DeepSDM is a deep learning framework for modeling species distributions using environmental data and species co-occurrence patterns. This framework leverages attention mechanisms to capture important environmental factors and produces high-quality species distribution predictions.
All data and results for this project are available at: https://drive.google.com/drive/folders/1zzJg_q1gTyvoprR7r4iX69xrOYRsJlGR?usp=drive_link
DeepSDM uses a U-Net architecture with attention mechanisms to predict species distributions based on environmental variables and species embeddings derived from co-occurrence data. The framework consists of several components for data preparation, model training, prediction, and evaluation.
- Python 3.8+
- PyTorch 1.13.1
- PyTorch Lightning 2.0.6
- GDAL
- Various Python packages (rasterio, umap-learn, mlflow, etc.)
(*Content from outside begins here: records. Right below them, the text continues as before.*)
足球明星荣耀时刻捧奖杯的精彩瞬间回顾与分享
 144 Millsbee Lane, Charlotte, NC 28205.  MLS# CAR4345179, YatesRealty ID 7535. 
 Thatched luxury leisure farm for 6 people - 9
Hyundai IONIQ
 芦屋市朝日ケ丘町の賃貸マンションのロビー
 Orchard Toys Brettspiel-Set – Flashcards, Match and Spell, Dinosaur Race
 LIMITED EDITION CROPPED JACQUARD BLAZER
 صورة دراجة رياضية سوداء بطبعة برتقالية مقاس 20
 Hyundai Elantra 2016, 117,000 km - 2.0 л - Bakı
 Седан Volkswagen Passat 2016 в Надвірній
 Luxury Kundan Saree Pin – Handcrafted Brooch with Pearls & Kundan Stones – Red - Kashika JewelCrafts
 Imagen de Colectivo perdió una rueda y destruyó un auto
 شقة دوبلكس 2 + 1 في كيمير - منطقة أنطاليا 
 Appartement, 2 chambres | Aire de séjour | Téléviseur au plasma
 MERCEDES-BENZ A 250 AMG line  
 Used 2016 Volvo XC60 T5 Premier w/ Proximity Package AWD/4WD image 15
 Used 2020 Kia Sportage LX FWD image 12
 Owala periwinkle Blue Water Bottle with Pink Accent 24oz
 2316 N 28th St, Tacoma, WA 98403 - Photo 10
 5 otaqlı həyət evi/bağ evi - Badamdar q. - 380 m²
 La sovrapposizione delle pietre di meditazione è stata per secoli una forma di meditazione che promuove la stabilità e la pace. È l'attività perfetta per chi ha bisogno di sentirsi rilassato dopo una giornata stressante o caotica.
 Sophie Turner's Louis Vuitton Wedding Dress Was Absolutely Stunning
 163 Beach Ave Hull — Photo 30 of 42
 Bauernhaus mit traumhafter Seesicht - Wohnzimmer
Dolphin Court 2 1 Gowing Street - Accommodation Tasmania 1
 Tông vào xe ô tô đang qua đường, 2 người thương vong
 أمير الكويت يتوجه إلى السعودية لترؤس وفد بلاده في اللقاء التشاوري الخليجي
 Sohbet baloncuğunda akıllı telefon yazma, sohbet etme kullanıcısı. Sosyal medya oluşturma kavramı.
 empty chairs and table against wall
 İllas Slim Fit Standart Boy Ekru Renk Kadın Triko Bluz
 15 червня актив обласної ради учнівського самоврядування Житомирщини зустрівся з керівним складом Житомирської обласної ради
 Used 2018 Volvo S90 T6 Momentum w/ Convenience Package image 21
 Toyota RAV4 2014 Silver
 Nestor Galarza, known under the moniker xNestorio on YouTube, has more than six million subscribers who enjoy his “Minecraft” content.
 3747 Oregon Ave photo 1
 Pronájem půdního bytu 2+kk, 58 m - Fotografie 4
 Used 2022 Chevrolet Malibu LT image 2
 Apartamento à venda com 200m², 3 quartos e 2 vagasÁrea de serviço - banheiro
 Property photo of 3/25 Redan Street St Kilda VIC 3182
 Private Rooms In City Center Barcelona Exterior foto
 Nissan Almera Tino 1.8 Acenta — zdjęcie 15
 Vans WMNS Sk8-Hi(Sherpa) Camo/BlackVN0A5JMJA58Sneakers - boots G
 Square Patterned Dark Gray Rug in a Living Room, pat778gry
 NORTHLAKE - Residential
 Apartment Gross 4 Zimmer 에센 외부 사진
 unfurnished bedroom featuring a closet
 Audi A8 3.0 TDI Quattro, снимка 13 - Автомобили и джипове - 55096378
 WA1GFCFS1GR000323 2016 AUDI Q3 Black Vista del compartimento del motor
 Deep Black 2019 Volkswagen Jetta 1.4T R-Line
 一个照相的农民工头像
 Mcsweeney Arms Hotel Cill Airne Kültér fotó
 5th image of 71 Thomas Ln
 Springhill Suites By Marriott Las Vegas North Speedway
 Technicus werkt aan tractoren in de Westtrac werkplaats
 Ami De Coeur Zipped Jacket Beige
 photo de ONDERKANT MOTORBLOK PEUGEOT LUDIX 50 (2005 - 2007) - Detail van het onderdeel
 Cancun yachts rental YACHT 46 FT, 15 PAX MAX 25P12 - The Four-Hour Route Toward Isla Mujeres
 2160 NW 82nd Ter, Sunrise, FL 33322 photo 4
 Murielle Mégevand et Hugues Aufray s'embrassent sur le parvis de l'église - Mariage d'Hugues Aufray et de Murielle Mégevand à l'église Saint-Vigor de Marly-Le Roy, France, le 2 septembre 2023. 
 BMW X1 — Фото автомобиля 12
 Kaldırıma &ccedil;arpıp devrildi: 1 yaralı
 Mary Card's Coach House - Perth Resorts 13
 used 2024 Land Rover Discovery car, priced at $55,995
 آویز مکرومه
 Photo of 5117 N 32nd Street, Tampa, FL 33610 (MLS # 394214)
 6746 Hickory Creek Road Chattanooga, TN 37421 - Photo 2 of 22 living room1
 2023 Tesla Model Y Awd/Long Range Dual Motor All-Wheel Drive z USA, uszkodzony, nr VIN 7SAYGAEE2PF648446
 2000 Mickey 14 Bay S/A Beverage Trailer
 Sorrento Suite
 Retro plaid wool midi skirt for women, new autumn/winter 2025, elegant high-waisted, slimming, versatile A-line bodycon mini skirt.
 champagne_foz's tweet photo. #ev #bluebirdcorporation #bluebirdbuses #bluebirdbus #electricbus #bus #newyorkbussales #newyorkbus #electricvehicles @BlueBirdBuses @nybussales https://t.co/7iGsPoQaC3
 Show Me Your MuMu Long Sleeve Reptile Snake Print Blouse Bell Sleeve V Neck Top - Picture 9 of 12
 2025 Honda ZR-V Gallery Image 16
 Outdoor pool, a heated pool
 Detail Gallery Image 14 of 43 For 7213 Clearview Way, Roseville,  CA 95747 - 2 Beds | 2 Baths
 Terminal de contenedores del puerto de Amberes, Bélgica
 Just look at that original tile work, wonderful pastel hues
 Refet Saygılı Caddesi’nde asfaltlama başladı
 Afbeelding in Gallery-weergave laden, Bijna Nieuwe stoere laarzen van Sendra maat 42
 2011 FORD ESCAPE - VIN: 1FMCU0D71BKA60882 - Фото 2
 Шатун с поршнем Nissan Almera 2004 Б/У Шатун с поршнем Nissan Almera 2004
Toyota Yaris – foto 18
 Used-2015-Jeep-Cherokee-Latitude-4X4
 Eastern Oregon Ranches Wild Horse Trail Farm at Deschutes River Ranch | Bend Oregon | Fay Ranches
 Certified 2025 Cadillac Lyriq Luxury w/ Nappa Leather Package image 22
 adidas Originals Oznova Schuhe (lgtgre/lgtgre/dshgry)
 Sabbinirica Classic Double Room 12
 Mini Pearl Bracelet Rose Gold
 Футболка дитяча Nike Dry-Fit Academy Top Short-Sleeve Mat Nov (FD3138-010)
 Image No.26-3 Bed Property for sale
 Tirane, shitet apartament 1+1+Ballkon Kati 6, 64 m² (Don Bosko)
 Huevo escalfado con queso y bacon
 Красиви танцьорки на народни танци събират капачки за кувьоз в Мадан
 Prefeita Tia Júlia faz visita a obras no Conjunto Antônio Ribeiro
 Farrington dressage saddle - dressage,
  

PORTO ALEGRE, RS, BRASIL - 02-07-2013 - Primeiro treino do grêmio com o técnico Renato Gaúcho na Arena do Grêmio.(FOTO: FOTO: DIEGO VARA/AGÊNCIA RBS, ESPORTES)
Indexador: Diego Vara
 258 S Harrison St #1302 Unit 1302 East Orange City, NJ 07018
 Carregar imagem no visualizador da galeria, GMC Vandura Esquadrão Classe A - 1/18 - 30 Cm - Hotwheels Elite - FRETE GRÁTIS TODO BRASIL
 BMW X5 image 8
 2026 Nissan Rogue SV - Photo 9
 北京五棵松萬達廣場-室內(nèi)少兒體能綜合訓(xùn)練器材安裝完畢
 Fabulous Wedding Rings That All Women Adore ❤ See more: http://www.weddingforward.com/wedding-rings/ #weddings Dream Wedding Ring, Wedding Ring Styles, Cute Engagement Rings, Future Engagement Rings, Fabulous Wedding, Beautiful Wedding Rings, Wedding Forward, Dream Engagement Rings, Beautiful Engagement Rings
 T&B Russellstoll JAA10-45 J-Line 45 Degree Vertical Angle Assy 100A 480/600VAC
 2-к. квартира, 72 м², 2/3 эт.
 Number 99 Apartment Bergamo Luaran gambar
- CUDA-compatible GPU (recommended)
- Sufficient RAM for processing large environmental datasets
# System dependencies
sudo apt install build-essential
sudo apt update
sudo apt install libpq-dev
sudo apt install software-properties-common
sudo apt-add-repository ppa:ubuntugis/ppa
sudo apt install gdal-bin
sudo apt install libgdal-dev
sudo apt install libgl1-mesa-glx
# Check GDAL version and install matching Python package
gdalinfo --version
pip install gdal==<version>
# Install other required packages
pip install rasterio umap-learn mlflow
pip install torch==1.13.1 torchvision==0.14.1 torchaudio==0.13.1
pip install pytorch-lightning==2.0.6 torchmetrics==0.11.0The DeepSDM workflow consists of the following steps:
This Jupyter notebook provides instructions and code for downloading the necessary environmental data:
- CHELSA Dataset: Downloads climate variables (clt, hurs, pr, rsds, sfcWind, tas) for each month from 2000 to 2019
- Land Cover Dataset: Instructions for downloading ESA Land Cover data (2000-2020)
- EVI Dataset: Instructions for obtaining Enhanced Vegetation Index data from NASA's AppEEARS
- Elevation Dataset: Link to download WorldClim Elevation Data
This step is optional if you already have the environmental data available in the Google Drive link.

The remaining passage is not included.